The department’s plan wouldn’t require background checks for people beyond licensed educators, but it would provide a discounted rate for schools to get services from certain background check providers. The department says this would encourage schools to screen other adults that come in contact with children, too.
“As a lifelong educator, I know that keeping our children safe and healthy is a responsibility that our schools take very seriously,” said Ritz, in the statement.
Whether we like to acknowledge it or not, there’s an ongoing problem in Indiana: incidents of school staff sexually abusing or soliciting sex from children.
It’s an issue the Legislature has been studying all summer. It’s a story that’s been all over the news like this and this and this and this. A recent USA Today investigation gave Indiana an “F” rating on a national scorecard for how states screen teachers, citing holes in the state’s screening system.

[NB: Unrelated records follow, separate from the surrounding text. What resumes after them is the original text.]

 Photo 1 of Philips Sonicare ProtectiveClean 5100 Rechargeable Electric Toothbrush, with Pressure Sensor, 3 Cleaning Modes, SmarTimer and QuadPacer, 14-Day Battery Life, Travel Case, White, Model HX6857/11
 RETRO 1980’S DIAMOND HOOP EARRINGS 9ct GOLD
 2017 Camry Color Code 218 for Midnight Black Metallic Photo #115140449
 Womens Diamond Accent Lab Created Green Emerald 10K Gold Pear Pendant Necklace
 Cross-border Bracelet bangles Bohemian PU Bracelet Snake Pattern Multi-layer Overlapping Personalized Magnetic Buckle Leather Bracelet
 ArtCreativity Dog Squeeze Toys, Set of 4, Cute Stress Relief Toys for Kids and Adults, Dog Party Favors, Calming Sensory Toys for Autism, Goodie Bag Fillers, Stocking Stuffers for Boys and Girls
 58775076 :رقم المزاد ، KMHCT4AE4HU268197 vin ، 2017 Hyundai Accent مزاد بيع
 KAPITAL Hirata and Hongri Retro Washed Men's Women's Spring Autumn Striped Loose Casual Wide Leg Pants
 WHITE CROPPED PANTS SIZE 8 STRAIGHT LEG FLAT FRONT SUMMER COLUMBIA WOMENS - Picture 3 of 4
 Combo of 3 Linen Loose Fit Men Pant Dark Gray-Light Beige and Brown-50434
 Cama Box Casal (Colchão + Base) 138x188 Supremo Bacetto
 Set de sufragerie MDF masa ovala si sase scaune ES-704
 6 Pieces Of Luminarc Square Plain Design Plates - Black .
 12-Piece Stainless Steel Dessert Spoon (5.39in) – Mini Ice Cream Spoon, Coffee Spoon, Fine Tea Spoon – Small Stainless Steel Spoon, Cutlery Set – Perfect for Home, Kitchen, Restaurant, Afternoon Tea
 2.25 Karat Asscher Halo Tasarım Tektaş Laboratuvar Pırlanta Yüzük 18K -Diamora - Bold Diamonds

Currently, state law only requires that districts background check fully licensed school personnel as they are being hired. Screening procedures for other people that come into contact with children, like volunteers and coaches, are left up to local districts.
Under the department’s plan, school personnel would also have the option of receiving enhanced training to identify behaviors of potential sexual predators. And the department would continue providing schools access to a state-run school safety training program.
Department of Education officials also say they will propose a change to state law that would streamline the process for revoking an educator’s license, after being convicted of a crime involving sexual misconduct.
State education officials want judges to be able to revoke an educator license upon convicting a person of a crime. Currently, revocations occur through a separate administrative hearing that happens after an educator is convicted of an offense.
At an August legislative study committee, department officials said prosecutors often neglect to notify the department when school staff are involved in sexual misconduct cases. That notification is required by law.